- [WORK ITEM]: Where a line contains "Casa à venda com 270m², 1 quarto e 4 vagas Casa", begin there and restate word for word every line to the end of the entries below, pictures excluded.

GIVEN DATA START

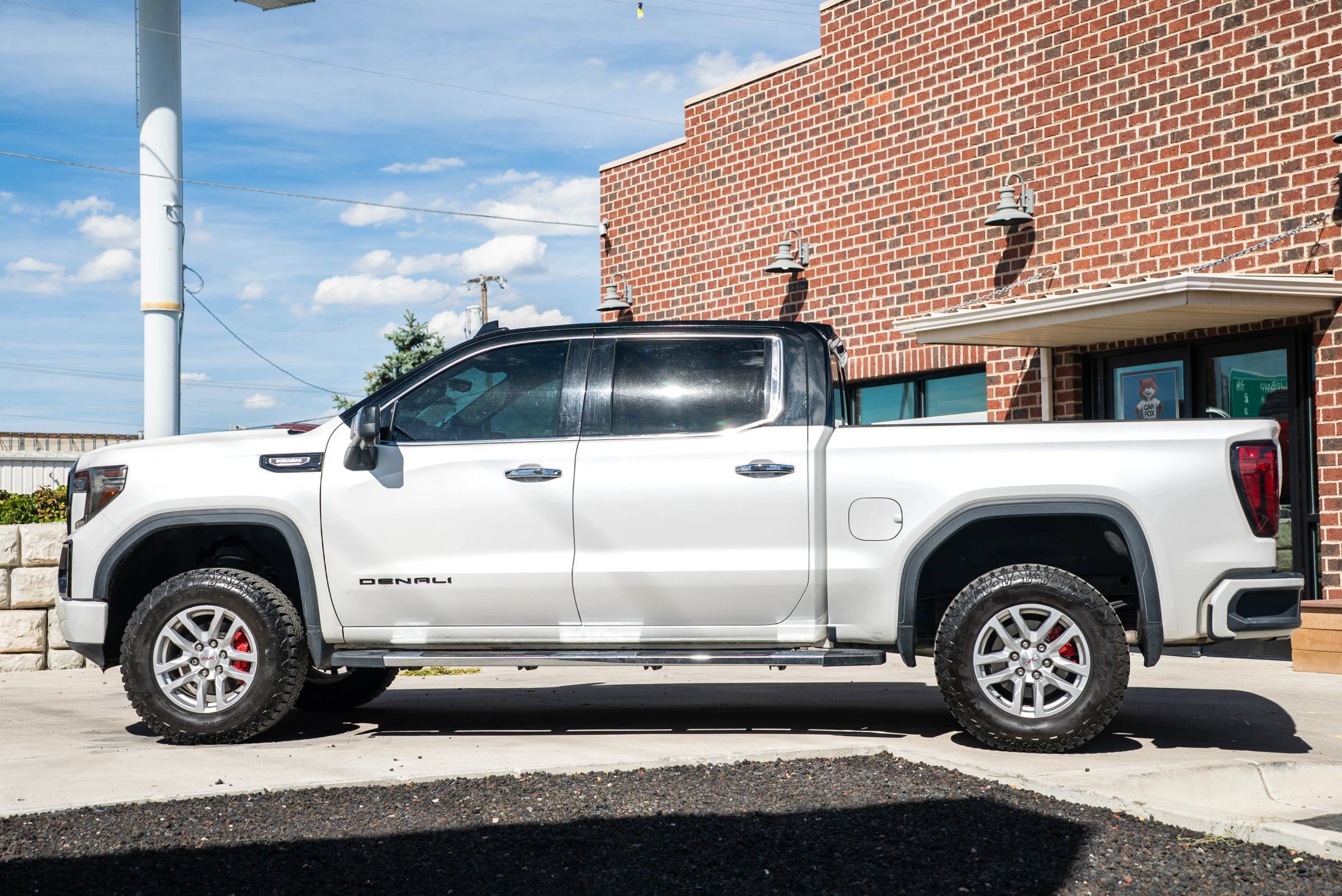 Used 2020 GMC Sierra 1500 Denali w/ Denali Premium Package AWD/4WD image 3
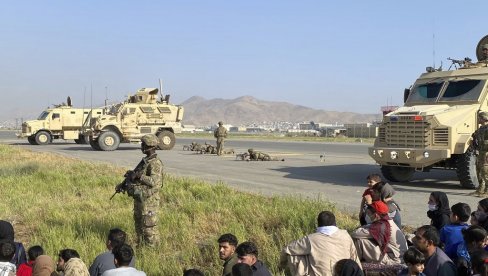 NATO PUCA PO ŠAVOVIMA: Kako su senke prošlosti podelile saveznike u zločinu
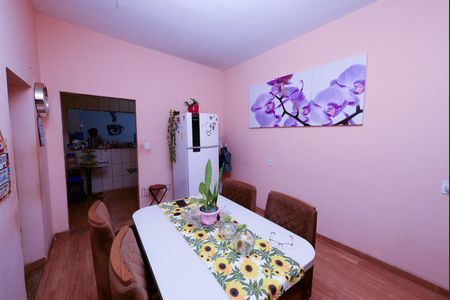 Casa à venda com 270m², 1 quarto e 4 vagas Casa à venda com 270m², 1 quarto e 4 vagasCopa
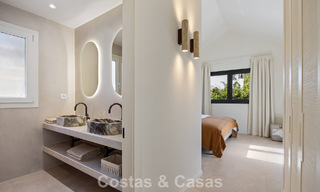 Villa de lujo, lista para entrar a vivir, de estilo contemporáneo mediterráneo en venta en una zona de golf de Marbella - Benahavís 798730 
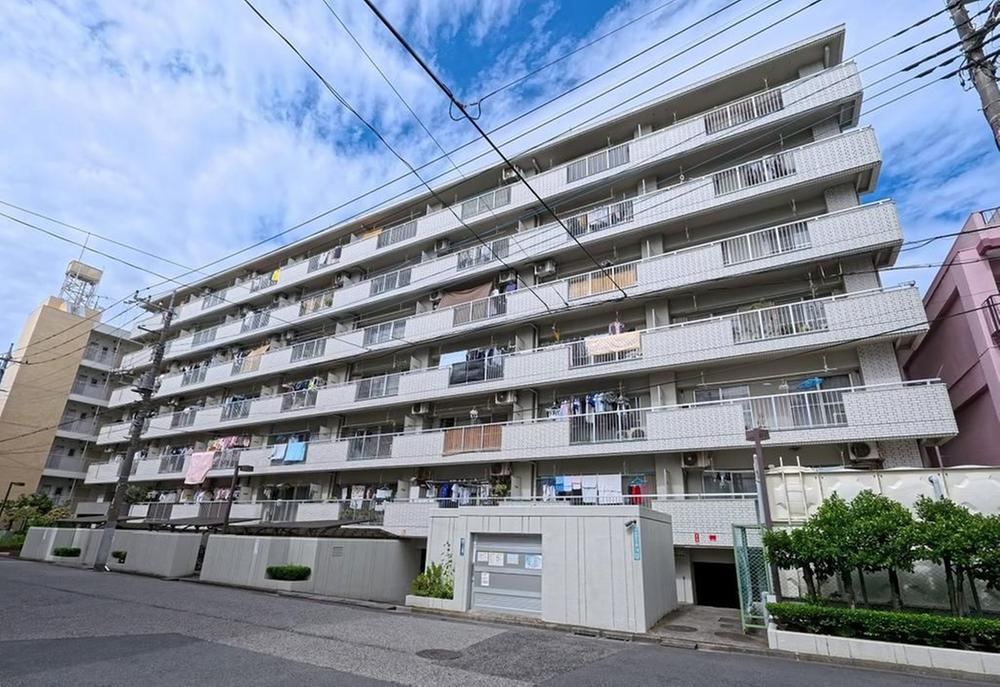 3DK apartment in Kawaguchi, Saitama - Photo 1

GIVEN DATA END

- [RESULT]:
 Casa à venda com 270m², 1 quarto e 4 vagas Casa à venda com 270m², 1 quarto e 4 vagasCopa
 Villa de lujo, lista para entrar a vivir, de estilo contemporáneo mediterráneo en venta en una zona de golf de Marbella - Benahavís 798730 
 3DK apartment in Kawaguchi, Saitama - Photo 1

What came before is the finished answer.